=== Section Start ===

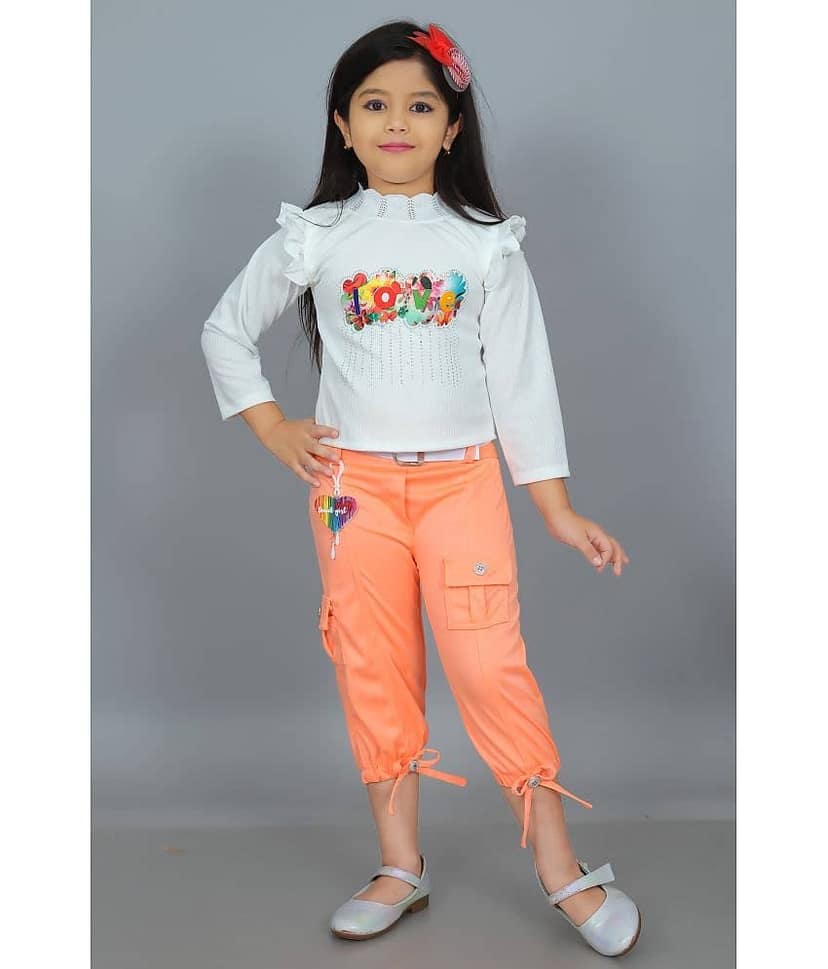 NEWSIFA Pack of 1 Girls Cotton Blend Top With Capris ( Green )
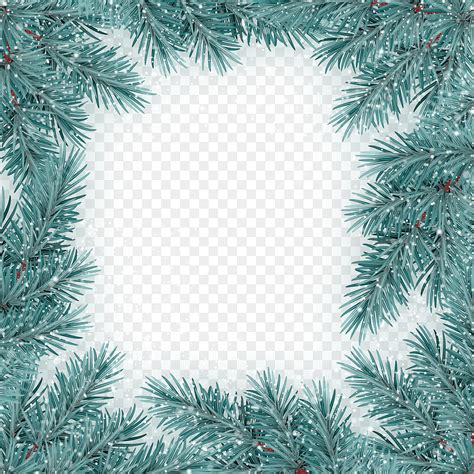 Christmas Tree Branch Border With Snow Christmas Decorations Clipart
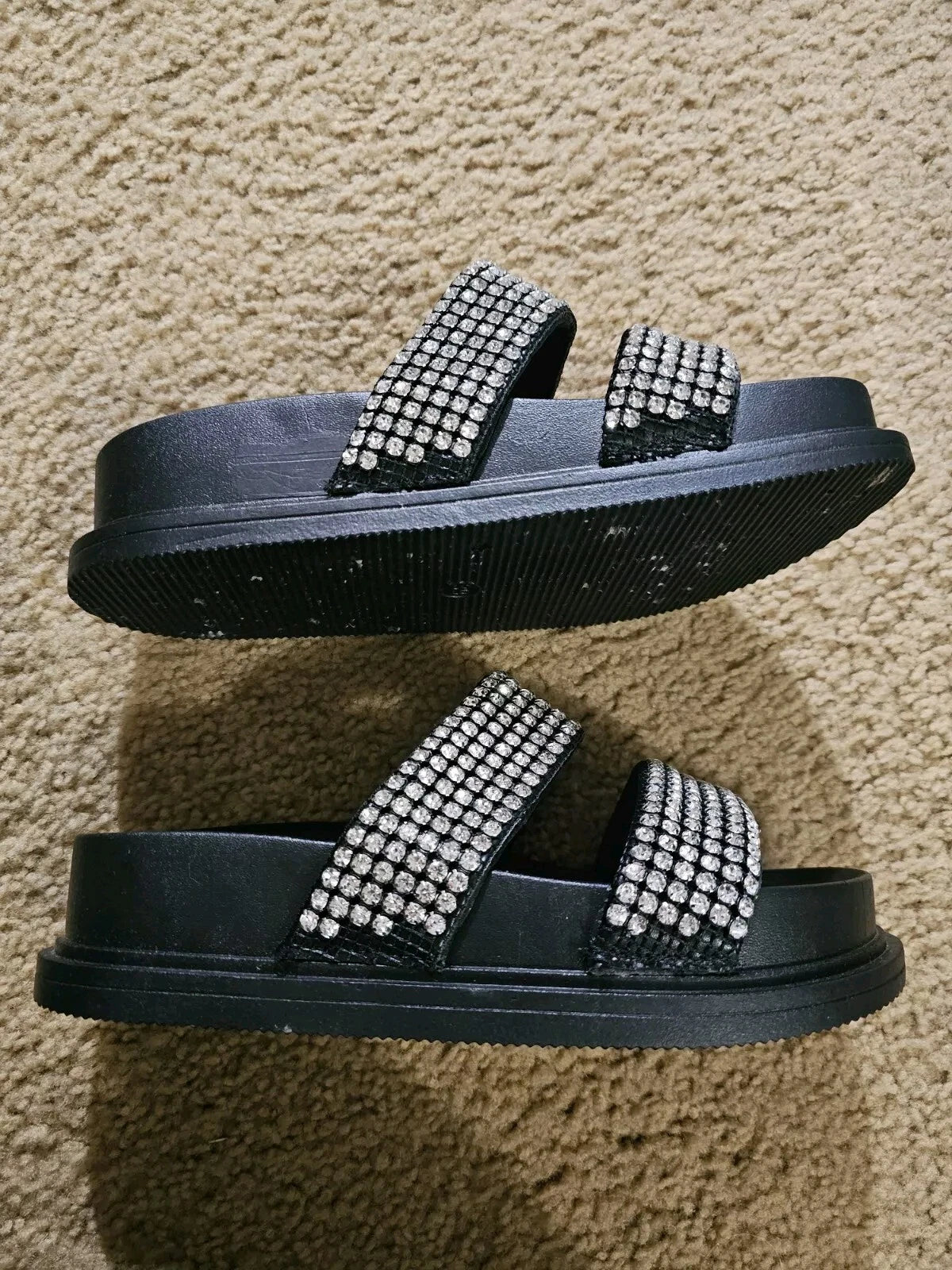 Baing Rhinestone Sandal, Fashion Slides, Footwear, Size 39 Shoe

=== Section End ===

TASK BRIEF: Nothing but an exact copy of the data above, minus its pictures, should appear in the response.

WRITTEN ANSWER:
 NEWSIFA Pack of 1 Girls Cotton Blend Top With Capris ( Green )
 Christmas Tree Branch Border With Snow Christmas Decorations Clipart
 Baing Rhinestone Sandal, Fashion Slides, Footwear, Size 39 Shoe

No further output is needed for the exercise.